And so, that’s just table stakes for this kind of activity. It doesn’t really show any kind of real sophistication.

Sonal: Of course, it just depresses me to hear that — and we’ll talk about this at the end, which is what companies and people can do. Because I’m, like, great — the better and better we get, the more and more sophisticated they get, and it just becomes this like never-ending back-and-forth, back-and-forth escalation.

Joel: Espionage 101.

Steven: Yeah. To be completely honest, that stuff doesn’t surprise, especially when their job is to, like, blend in as much as possible.

But I’ll add to one of the things — and make sure that we give credit — some of the analysis of things we’re talking about today are obviously from — a lot of security communities have come together and published a lot of detail, which has been great. But this is one of the other things that they did, is, they actually used an existing config file that is part of SolarWinds Orion, that’s there legitimately — it was there five years ago, it was there two years ago, it’s there right now — but they actually repurposed that exact config file. They created a specific value and said, if this is a three, you shouldn’t beacon it, you’re basically turned off. And they use values in fields within this to then leverage that file that’s already being read and used by the program, to then also inform it on some of what it should do.

So they use, like, native, existing files and functionality and things that are very innocuous-looking.

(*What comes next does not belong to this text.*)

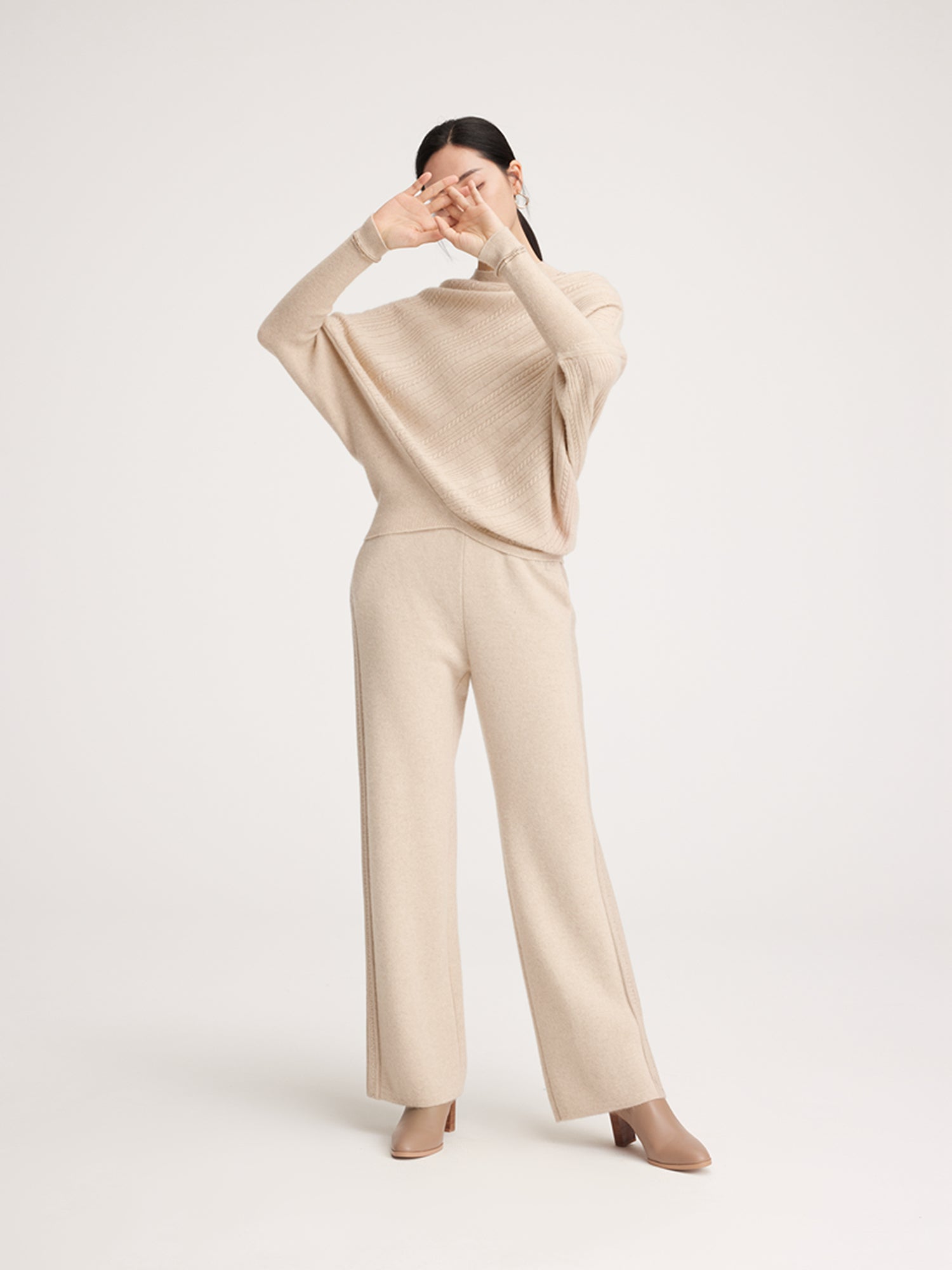 Cashmere Batwing Sleeves Twilled Sweater | Beige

And then they did a couple of other stuff beyond that, that are pretty stealthy –– although they’re not necessarily rocket science, they are very uncommon.

~ One of them is the fact that this backdoor, once it’s loaded, it wouldn’t start its beaconing or calling out for this DNS activity (which I know we haven’t explained yet), but basically, the mechanism by which it actually gives that avenue of control back into the system. You have to meet certain criteria before [you can] even, you know, beacon. For example, if you weren’t “domain joined” — meaning you’re less likely to be an actual corporate asset. You’re someone testing it on a computer, you’re a workstation at home. You’re not even gonna pass the sniff test.

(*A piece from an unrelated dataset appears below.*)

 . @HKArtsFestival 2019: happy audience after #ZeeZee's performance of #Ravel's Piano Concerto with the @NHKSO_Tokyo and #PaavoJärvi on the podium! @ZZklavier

~ But what they then do is actually set a timer. And so, it might be actually up to two weeks before it actually starts doing anything. I might be under scrutiny from QA, or a build, or someone might be looking at it when they first install it, make sure it’s not malicious — so they actually say, “Hey, I’m just gonna wait two weeks. I’m in this environment, this is for the long haul, I’m not in a rush to immediately get access to these systems.” So that’s an interesting aspect. It’s actually fairly uncommon to see malware that is on any timer of significance, or driven by a specific event that’s likely to happen very soon.

~ The other thing that was really interesting: The malware basically would activate when a certain response was given to its query. “Hey, go connect to this domain name,” or “go connect to this website.” And, those domains that they used were actually domains that had expired. One of the telltale signs when you’re looking into malware and things is, like, “Oh, it was just registered last week or last month or earlier today.” So, this would pass that sniff test, all day long. Some of them had five or six years they had existed. It might even have, like, a website. They picked up infrastructure that had a history to it. They actually owned and controlled these domains. They weren’t, like, hacked domains or things like that, where they were using compromised infrastructure. So, just kind of an interesting note on that front.

Sonal: It’s interesting and, honestly, a little creepy. I got goosebumps while you were talking, because it makes me think of every long game. The patience, and waiting, and stalking — that really skilled predators do. And I don’t mean to glorify it by any means, but I am just sharing that what you just shared in technical terms — it gave me goosebumps, quite literally. I don’t know how you think about it.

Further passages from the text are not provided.